Читать «Золотая Пуля, или Последнее Путешествие Пелевина» онлайн - страница 119

Андрей Сердюк

— Винамп… надирает ламе задницу?

— Ну. Есть в Чикаго такой знаменитый уличный музыкант — дядюшка W-W, в миру — Уэсли Уиллис. Это, вообще-то, из его строчки песня. Про ламу…

— И что, парень только для этого над прогой горбатился?

— Да. Только для этого.

— А зачем?

— А по приколу.

— По приколу? Так бы и сказал сразу, что по приколу. По приколу — это кул. Я заметила, что всё самое рульное по приколу делается. Как вот эта вот книжка.

— А, вообще-то, ты где её взяла?

— Вообще-то? Вообще-то, у Ли в сидоре.

— У Ли?

— А чего удивляешься. Это ты у нас — чукча-писатель, а китаец, может, по жизни читателем был.

— Возможно…

— А ничего книжица. Только ты мне, Пелевин, вот что объясни, как это так круто получилось, что в ней всё заранее было описано. Как ты вместо нужной четвёрки ненужную тройку выбросил. И как мы хоть и в Мексику попали, но не Туда, Где Пещера, а много севернее. И про то, что мы в поисках ночлега по старой железке будем пиликать, вдоль этой чёртовой каменной гряды. Как это всё получается? Ты понимаешь?

— Есть многое на свете, друг Горацио, что и не снилось… Но может присниться. В любой момент и без особого напряга.

— Да ну тебя.

— Просто так устроен этот мир: кто-то кому-то должен о нас рассказывать. Я же тебе уже объяснял. Пока эта коммуникация осуществляется, мы с тобой существуем.
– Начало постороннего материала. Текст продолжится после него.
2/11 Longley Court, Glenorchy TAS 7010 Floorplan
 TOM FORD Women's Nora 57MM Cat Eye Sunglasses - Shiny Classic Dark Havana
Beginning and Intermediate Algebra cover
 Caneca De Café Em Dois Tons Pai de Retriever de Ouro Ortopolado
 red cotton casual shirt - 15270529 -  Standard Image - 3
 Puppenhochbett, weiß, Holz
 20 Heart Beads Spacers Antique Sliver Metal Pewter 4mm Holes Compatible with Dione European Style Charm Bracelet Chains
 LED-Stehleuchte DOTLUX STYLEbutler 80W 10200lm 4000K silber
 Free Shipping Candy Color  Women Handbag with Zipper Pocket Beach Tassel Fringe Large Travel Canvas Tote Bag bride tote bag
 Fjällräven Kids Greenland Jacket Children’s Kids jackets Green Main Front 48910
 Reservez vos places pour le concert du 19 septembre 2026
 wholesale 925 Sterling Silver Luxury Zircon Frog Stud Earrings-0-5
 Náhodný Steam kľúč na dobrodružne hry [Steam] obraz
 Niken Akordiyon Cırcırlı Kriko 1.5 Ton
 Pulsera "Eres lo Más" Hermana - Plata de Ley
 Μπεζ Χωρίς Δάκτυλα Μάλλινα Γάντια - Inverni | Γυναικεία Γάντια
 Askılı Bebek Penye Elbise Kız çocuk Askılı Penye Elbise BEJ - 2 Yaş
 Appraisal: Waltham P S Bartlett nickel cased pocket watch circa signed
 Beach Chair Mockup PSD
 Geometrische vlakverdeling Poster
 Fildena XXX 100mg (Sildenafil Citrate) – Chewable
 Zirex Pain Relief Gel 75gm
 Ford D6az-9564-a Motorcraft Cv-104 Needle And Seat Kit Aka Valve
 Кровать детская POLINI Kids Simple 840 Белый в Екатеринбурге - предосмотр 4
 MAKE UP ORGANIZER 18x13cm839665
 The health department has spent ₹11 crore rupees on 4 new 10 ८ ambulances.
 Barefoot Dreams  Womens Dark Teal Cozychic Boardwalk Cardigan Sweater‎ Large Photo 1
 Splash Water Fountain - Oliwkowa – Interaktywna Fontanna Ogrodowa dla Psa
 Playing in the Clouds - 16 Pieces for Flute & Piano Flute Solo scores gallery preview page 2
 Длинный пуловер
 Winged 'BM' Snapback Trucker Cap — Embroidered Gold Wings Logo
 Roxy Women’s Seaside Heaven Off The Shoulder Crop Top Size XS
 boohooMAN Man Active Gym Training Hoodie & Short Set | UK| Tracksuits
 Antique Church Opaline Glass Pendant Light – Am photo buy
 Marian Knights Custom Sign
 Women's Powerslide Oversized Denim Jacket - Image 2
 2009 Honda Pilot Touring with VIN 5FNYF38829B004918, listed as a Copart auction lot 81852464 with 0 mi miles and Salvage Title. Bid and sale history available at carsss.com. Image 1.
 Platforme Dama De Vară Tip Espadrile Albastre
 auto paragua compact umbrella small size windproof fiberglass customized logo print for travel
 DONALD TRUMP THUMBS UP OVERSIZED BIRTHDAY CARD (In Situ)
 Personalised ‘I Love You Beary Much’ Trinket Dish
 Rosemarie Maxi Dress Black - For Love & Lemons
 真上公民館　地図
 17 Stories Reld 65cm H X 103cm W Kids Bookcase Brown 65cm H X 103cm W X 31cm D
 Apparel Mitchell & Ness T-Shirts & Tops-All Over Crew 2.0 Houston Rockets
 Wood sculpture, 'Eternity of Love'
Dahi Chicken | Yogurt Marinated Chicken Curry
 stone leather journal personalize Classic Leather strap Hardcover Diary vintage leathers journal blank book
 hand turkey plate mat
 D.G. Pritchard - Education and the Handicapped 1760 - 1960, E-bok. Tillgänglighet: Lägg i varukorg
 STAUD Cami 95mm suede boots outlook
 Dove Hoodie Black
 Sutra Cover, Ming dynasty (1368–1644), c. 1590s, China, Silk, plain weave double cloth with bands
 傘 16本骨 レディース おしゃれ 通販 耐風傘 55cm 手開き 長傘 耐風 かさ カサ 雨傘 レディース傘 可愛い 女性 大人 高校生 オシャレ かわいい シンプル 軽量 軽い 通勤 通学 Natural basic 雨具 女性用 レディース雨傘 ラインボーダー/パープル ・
— А если не осуществляется, то нас с тобой, получается, и нет?

— Получается.

— И что? Что ли на самом деле мы не существуем? Не живём? Да?

— А что есть жизнь? Вот ты… Вот ты, что ты знаешь о жизни?

— Что оказалось длинной… Но это гон. На самом деле она короткая. Поэтому-то жизнь и live, — на запись в студии нету времени… Пинок под зад и ты уже на сцене.

— Ну да…А сама жизнь, по твоему, что это такое?

— Чего ты ганджой-то барыжишь!? Жизнь — это… Это жизнь! Жизнь это… это…Ну, а сам-то знаешь?

— Я? — Виктор задумался, — Не знаю. Хотя… Я тебе так отвечу. Однажды, когда я пребывал в весьма ещё юном возрасте, матушка привела меня на озеро. И разрешила побродить по воде. Ну, как положено, заинструктировала, чтобы далеко от берега, ни в коем разе не отходил. Я, в общем-то, и не собирался. Я был послушным мальчиком. Вот. Стал я, значит, бродить себе по воде, яко по суху. Ну, там головастиков прутиком пугать принялся, как водиться. И ничего беды не предвещало. Но вдруг ноги мои в одном месте начали скользить по илу и стал я скатываться в глубину. Не сразу — бултых, а потихоньку, потихоньку… Всё глубже и глубже…Кричать я почему-то не стал… Не знаю почему. Стрёмно что ли было… Люди кругом как бегемоты плещутся, мама носом в Хемингуэя уткнулась, небо голубое, солнышко сияет, всё такое. А тут я вдруг заору… Не такой я, наверное, ребёнок был, чтобы орать чуть что… Не любил я других напрягать. Понятно, что глупость, конечно. Если обстоятельства так вот смертельно… Но я ведь не знал тогда, что я не бессмертный. Поэтому страха не было. Чувство самосохранения совсем у меня тогда ещё, видать, не развито было. Домашний ребёнок…Ну не знаю… Но вот так вот. Стал я, короче, тонуть потихоньку… вода уже до рта дошла… уже до носа… Ещё чуть-чуть и было бы… Какая, ей богу, была бы потеря для русской словесности. Шучу. Ну вот. Уже я почти утонул, но тут вдруг попался мне под ноги камень. Я как-то так на него… Зацепился, в общем за этот голыш. На носочки привстал, вытянулся весь, голову задрал, дышу носом… Живу. И стараюсь не двигаться, — камень скользкий, того и гляди, соскользнёшь в бездну. Вот так вот.